Visteon gained 1.3 percent to $37.66 at the close in New York. The shares earlier rose as much as 8.9 percent, the biggest intraday gain since Oct. 28.
The company’s offer to buy the remaining 30 percent of Halla it doesn’t already own, sent shares of the South Korean company up 12 percent to close at 27,850 won on the Korea Exchange, the biggest gain since May 2009. Visteon, based in Van Buren Township, Michigan, said in a statement it’s offering 28,500 won ($25.11) a share, a premium of about 14 percent to Halla’s closing price on July 4.
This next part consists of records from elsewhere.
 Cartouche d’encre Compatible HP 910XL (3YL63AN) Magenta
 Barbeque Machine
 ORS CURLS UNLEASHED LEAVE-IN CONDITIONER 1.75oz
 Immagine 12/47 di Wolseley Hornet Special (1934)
Visteon, which left bankruptcy in 2010, has been shedding lower-margin revenue in interiors and lighting to focus on faster-growing operations in Asia. Visteon is shopping two of its four units. In combination with Halla, Visteon said it’s the world’s second-largest supplier of climate-control systems.
“This transaction will pave the way for HCC to play an even greater role in the global climate market, while reinforcing its leadership position in Korea,” Visteon Chief Executive Officer Don Stebbins said in the statement. “It also will facilitate future investment in climate technology.”
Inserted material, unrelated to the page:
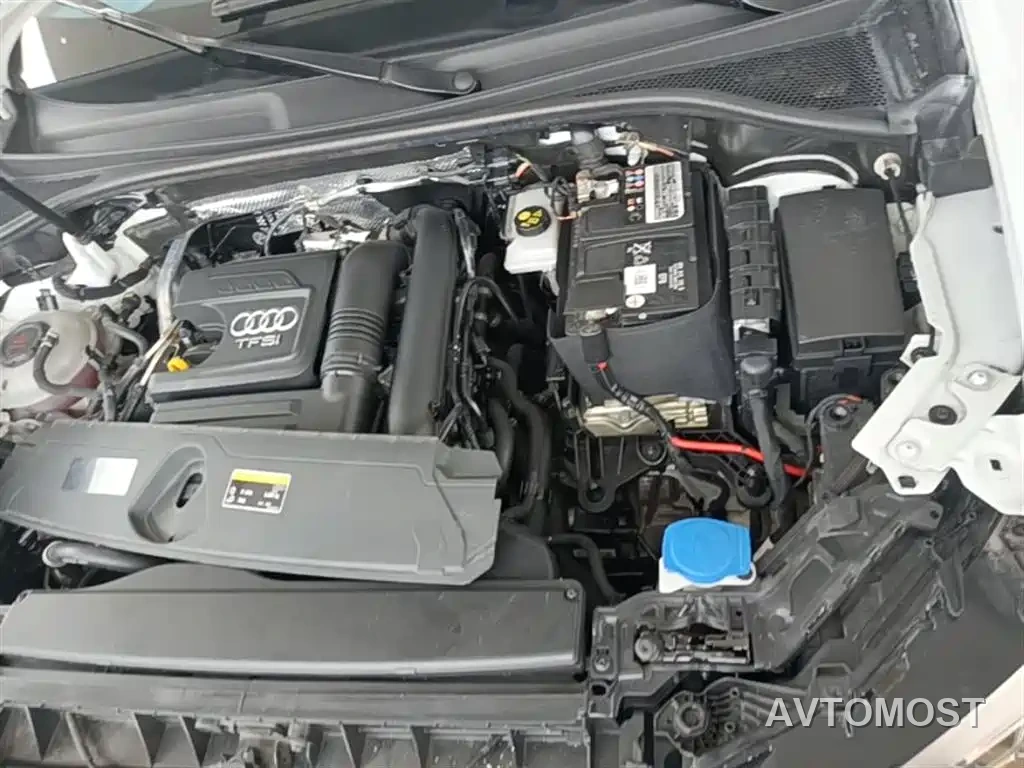Audi Q3 2023 35 TFSI Fashion Dynamic (1.4T) — фото 20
Visteon in May reported a first-quarter net loss of $29 million, its second consecutive quarterly deficit after four straight profitable quarters. The parts maker has been plagued by losses since it was spun off in 2000 by Ford Motor Co. The supplier has expanded business with automakers other than Ford and narrowed its product offerings.
Visteon also said yesterday it ended an agreement to sell the majority of its interior business to Yanfeng Visteon Automotive Trim Systems Co., its joint venture with Shanghai-based Huayu Automotive Systems Co.
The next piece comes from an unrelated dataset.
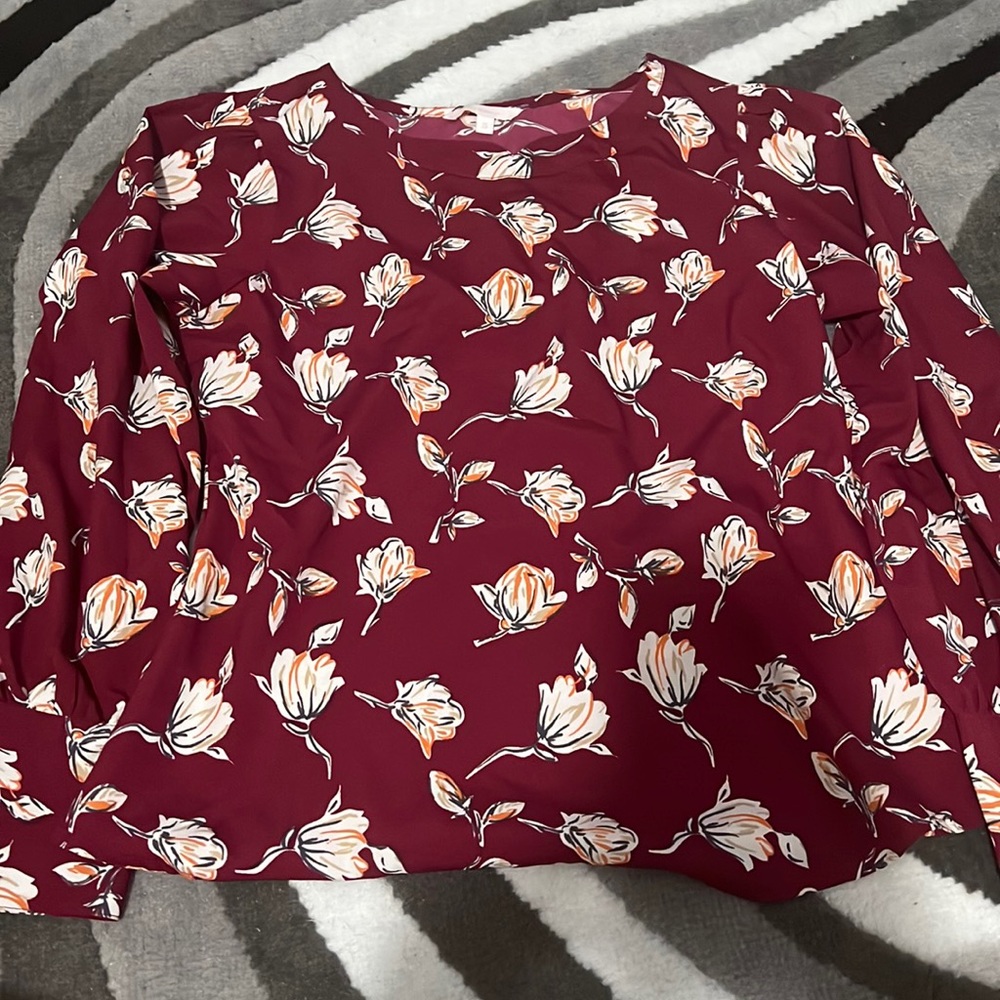 Casual blouse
Halla’s second largest shareholder, South Korea’s National Pension Service, which holds a 9.1 percent stake, has not yet said it will accept Visteon’s tender offer, Stebbins said today. About 1,000 shares have been tendered so far, he said.
“We believe the purchase price as offered is an extremely fair and reasonable one,” Stebbins said on a conference call.
Visteon and Halla would realize $20 million in savings from the combination in the first full year of operation, Stebbins said. That figure will rise as Visteon and Halla combine design and engineering functions, he said.
“The commonization of designs and engineering are probably two large areas for us and that takes some time in terms of implementing it,” Stebbins said. “I would think that the operational synergies would ramp up, probably be double what it is in the first year, maybe triple, over three years.”
After-tax savings in the first full year will add 38 cents to diluted earnings per share, Stebbins said.
The deal would enable Visteon’s climate-affiliated profit margins to grow to 13 percent by 2015, from 8.9 percent last year, before interest, taxes, depreciation and amortization, Stebbins said.
“For Visteon, it’s the decision aimed at boosting profits given Halla’s relatively high dividends,” Kim Yoon Ki, an analyst at Mirae Asset Securities Co., said by phone. “Once the tender offer succeeds, Visteon will seek de-listing of Halla.”
Kim said the tender offer probably will succeed because of recent share-price weakness in the auto industry. Visteon has set a closing date of July 24 for at least 95 percent of shares to be tendered. Goldman Sachs Group Inc. and Rothschild are advising Visteon on the transaction.
Visteon gained majority ownership of Halla Climate from Ford in 1999.
Visteon began simplifying its corporate structure in November when it signed a nonbinding memorandum of understanding to sell most of its interiors unit to Yanfeng Visteon, the Chinese joint venture with SAIC Motor Corp. The faltering European economy led to the collapse of that deal, Stebbins said, and now “all options are on the table.”
“We made the decision that our two core businesses are climate and electronics, so we need to move down the path of exploring what other opportunities we have for that business,” Stebbins said of interiors. “Be it joint venturing with another party, be it looking at trying to divest certain portions of the business.”
The company agreed to sell its lighting unit to Varroc Group of India in March for $92 million. The unit, which supplies automotive exterior lights, had revenue of $531 million last year. Visteon Oct. 31 sold a part of its stake in Duckyang Industry Co., an interiors joint venture, and it no longer had a controlling interest.
Visteon now has about 40 percent of the revenue it had in 2000, when it spun off from Ford. Originally dependent on the North American market, in 2011 Visteon got 42 percent of its sales from Asia and 36 percent from Europe.
Hyundai Motor Co. and its affiliate, Kia Motors Corp., both based in Seoul, account for 72 percent of Halla’s business, Stebbins said. Ford represents 10 percent of Halla’s billings, while other automakers make up the remaining 18 percent.
“We understand the huge, significant importance of HMG in this move,” Stebbins said. “We believe we’ve done the necessary work to give the tender the best chance of success.”
Visteon also said it will spend $50 million to build a wind tunnel and to expand its manufacturing base in Korea.